▶ WHAT IS NEEDED:
Please reproduce all of the listing below exactly and drop its images.

━━━ THE DATA ━━━

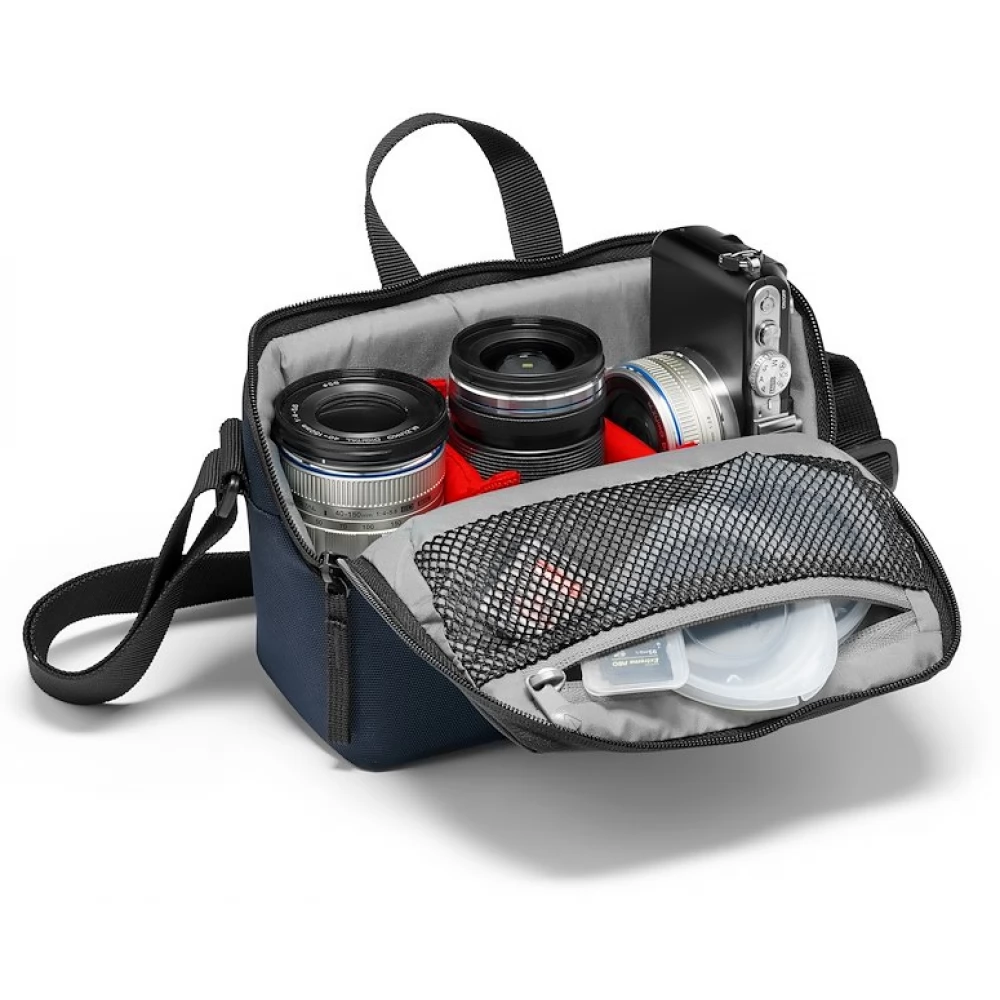 MANFROTTO NX camera pouch I for CSC V2 blue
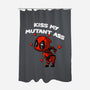 Kiss My Mutant Ass-None-Polyester-Shower Curtain-fanfabio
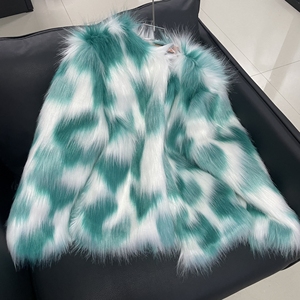 Vendita calda cappotto Casual occidentale per bambine giacca bambina con chiusura a bottone cappotto colorato invernale per bambini - Product Image 3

━━━

▶ TASK OUTPUT:
 MANFROTTO NX camera pouch I for CSC V2 blue
 Kiss My Mutant Ass-None-Polyester-Shower Curtain-fanfabio
 Vendita calda cappotto Casual occidentale per bambine giacca bambina con chiusura a bottone cappotto colorato invernale per bambini - Product Image 3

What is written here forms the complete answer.